Away from his predominantly Black West Chicago neighborhood for the first time, Hare felt uncomfortable. He was unsure what to expect or how he would fit in. There were other Black students on campus, but of the 20 Black freshmen he remembers becoming friendly with at the start of the year, 17 didn’t make it past the first semester, he said.

Hare, a senior, is on track to graduate without having transferred, withdrawn temporarily or gone part time. That’s unusual. At Northeastern Illinois, only 11 percent of Black students graduated within six years in 2019. Even fewer graduated within four, as Hare plans to do.

White students at Northeastern Illinois University are five times more likely to graduate than Black students and more than three times more likely to graduate than Latino students, according to federal data.

The problem is pervasive: Nationally, white students at public colleges are 2½ times more likely to graduate than Black students and 60 percent more likely to graduate than Latino students.

A variety of reasons contribute to the gaps. Financial pressure — whether sheer lack of funds or the need to hold down paying jobs while in college — is a primary reason. Spending excessive time in remedial classes that carry no college credit but drain financial aid is another. Many Black and Latino students may also drop out because they feel excluded or isolated.

In some states, the gaps in graduation rates are particularly acute: At every four-year public college in Illinois and Missouri for which data were available, for example, there were gaps of at least 14 percentage points between white and Black students in 2019.

Illinois, which has the sharpest disparities between Black and white students, ranks fourth worst for the gap between Latino and white students.

Northeastern Illinois has about 5,600 undergraduates, of whom 39 percent are Hispanic, 27 percent are white and 11 percent are Black. Over half of all students receive Pell Grants, the federal aid for low-income families. Many students are over age 25; many attend part time. Working long hours outside school can also thwart progress toward graduation.

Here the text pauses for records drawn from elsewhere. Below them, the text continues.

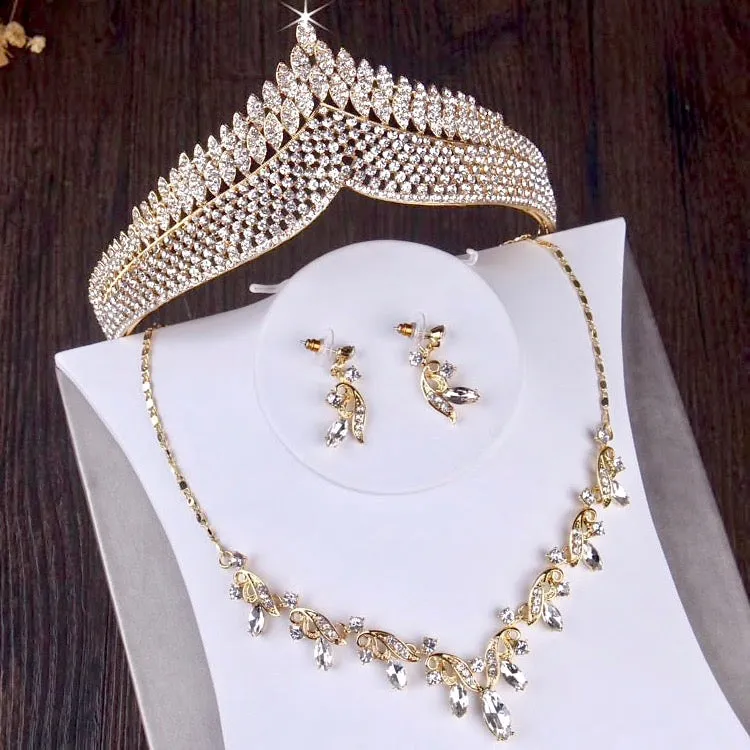 "Tangier" - Bridal 3-Piece Jewelry Set With Tiara - available in Gold and Silver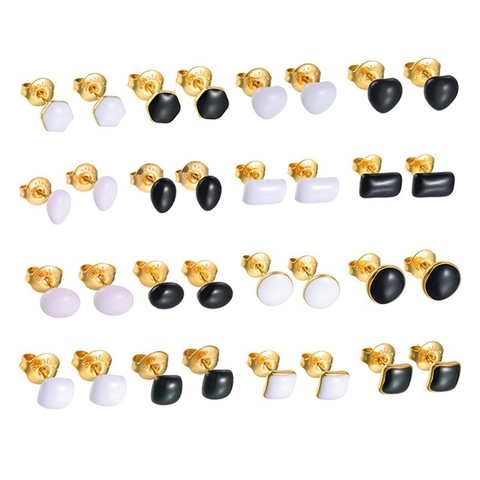 Geometric Stud Earrings Stainless Steel 18K Gold Plated Enamel Drip Oil Minimalist Jewelry For Women Daily Wear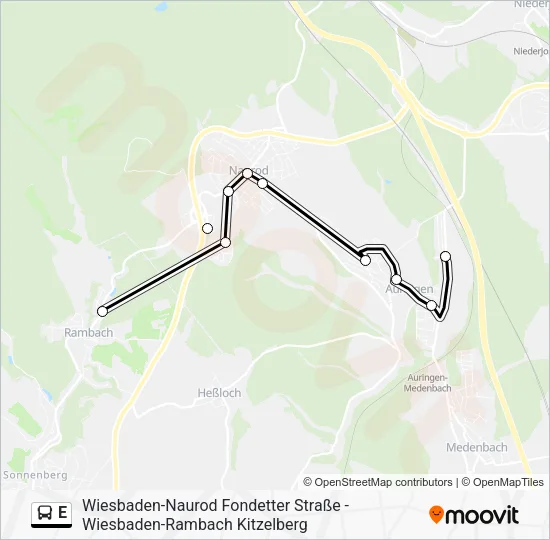 E Bus Line Map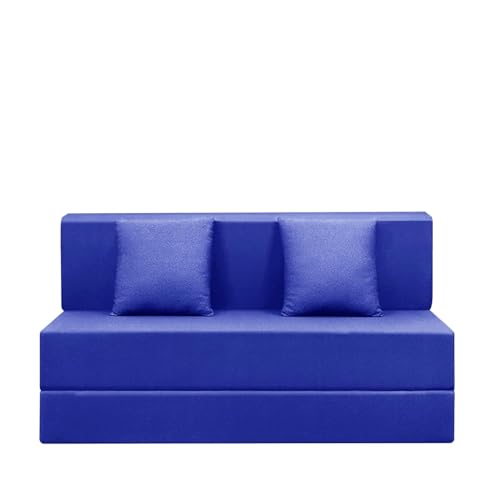 Image of Easy Foldable Two Person Sofa Cum Bed Jute Fabric- Washable Cover- Including Two Cushion- Size 4' X 6' Ft (Blue Color) Perfect for Home & Office for Guests
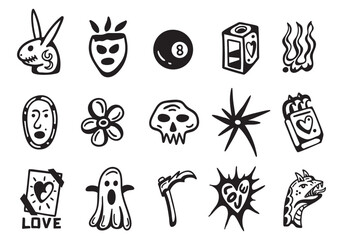 Fototapeta premium Various elements of doodle tattoo isolated on white background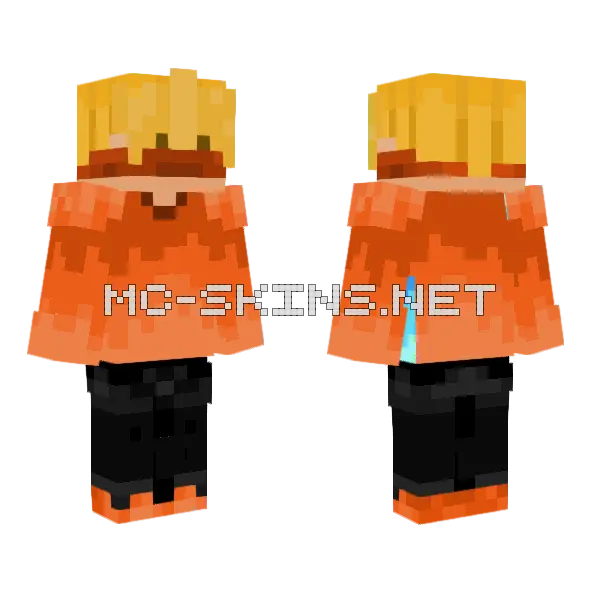 Fredudc Orange Monster Minecraft skin, front and back
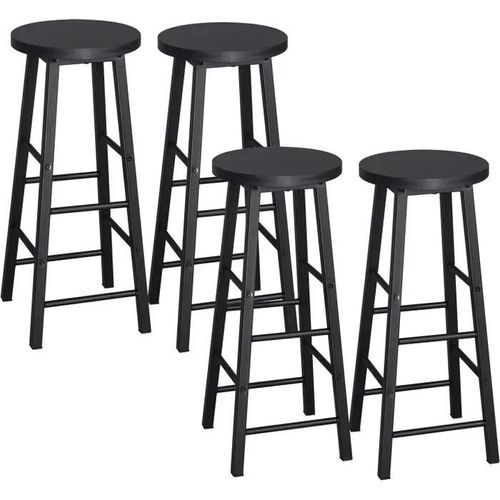 Lot De 4 Tabourets De Bar.Tabouret De Bistrot.Chaise Stable+Durable.Surface Dassise En Mdf.Noir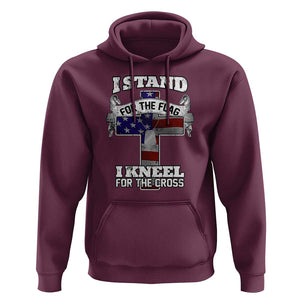 Patriotic Christian Hoodie I Stand For The Flag I Kneel For The Cross God American Flag Dog Tag TS02 Maroon Print Your Wear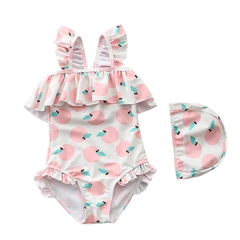 Đồ bơi bé gái Bikini 2 dây bao gồm nón Yibaidu 1021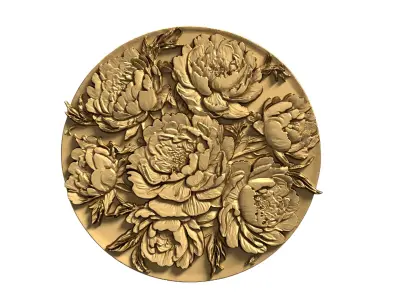 Classic circular carved decor ornament 12 3D print model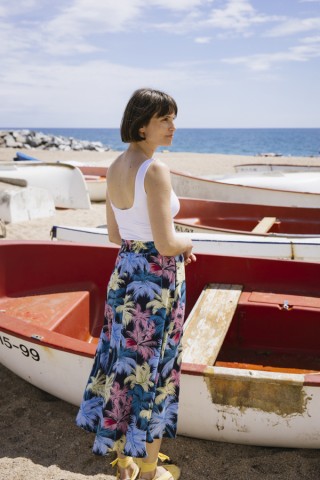 Falda maxi larga azul con hojas tropicales de colores con bolsillos- Ropa mujer SusiSweetdress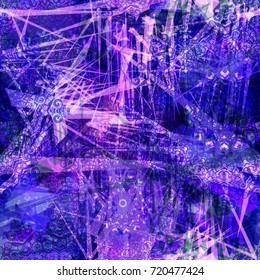 Seamless texture. Blue, violet, pink colors. Scratches pattern with decorative elements as mandala. Abstract vector background for web page, banners, fabric, home decor, wrapping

For senior Edgar Martinez, 28, for example, even financial aid is out of reach; he immigrated to the U.S. as a teenager and doesn’t have citizenship or any protective legal status, so he’s working to pay for college, juggling shifts at a grocery store and waiting tables. He said Northeastern Illinois would have seemed more welcoming to him if it had offered more flexible class times.


Alexis Smith, a senior majoring in communications, began taking remedial courses at a nearby community college in January 2015 and eventually finished her associate degree before transferring to Northeastern Illinois in January 2019.

As a Black woman with a physical disability, Smith struggled to find community on campus. She uses a wheelchair and said she has been disappointed not to have found any affinity groups for students like her. She said she tried to join a sorority on campus but was turned down.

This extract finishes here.